The unbiased position specific expectation deviation scoring matrix was expanded into a hyper-dimensional vector representation, and the Euclidean distances between vectors was computed. The resulting N-by-N distance matrix was then clustered using the Fitch-Margoliash method in the Phylip package [85]. The unrooted tree was drawn using the MEGA package [86].

Reported interactions

Reported peptide interactions were collected by searching HPRD and literature.

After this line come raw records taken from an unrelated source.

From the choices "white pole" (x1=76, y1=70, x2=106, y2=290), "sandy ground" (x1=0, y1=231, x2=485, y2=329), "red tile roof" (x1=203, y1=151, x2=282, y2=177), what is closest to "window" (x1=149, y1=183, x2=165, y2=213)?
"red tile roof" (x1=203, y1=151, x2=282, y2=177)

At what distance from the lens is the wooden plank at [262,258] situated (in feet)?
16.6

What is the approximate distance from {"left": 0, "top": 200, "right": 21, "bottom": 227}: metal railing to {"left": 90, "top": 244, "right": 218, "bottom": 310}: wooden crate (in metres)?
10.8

Reported protein interactions were collected from the major protein-protein interaction databases of MINT [50], BIND [51], HPRD [52], and DIP [53] using UniHI [49].

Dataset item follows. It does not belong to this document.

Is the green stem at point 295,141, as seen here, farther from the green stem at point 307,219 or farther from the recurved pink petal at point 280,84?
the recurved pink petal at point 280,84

Cells lines and GST-pull downs

Chinese Hamster Ovary (CHO) cells stably overexpressing insulin receptor (InsR) and IRS-1 were graciously provided by Xiao Jian Sun (UChicago). CHO cells were grown in DMEM/F12 supplemented with 10% fetal bovine serum, penicillin and streptomycin. CHO cells were serum starved for 24 hours and treated with and without insulin (100 nM) for 5 mins. Cells were lysed in HNTG (20 mM Hepes 7.5, NaCl, 1% Triton X-100, 10% Glycerol, 1 mM NaV04) with protease inhibitors (1 mM PMSF, aprotonin and leupeptin). Pre-cleared lysates were incubated with GST-SH2 domains immobilized on glutathione beads and rocked for 3 hours at 4°C. Activated InsR and IRS-1 were detected using anti-phosphotyrosine 4 G10 (Upstate).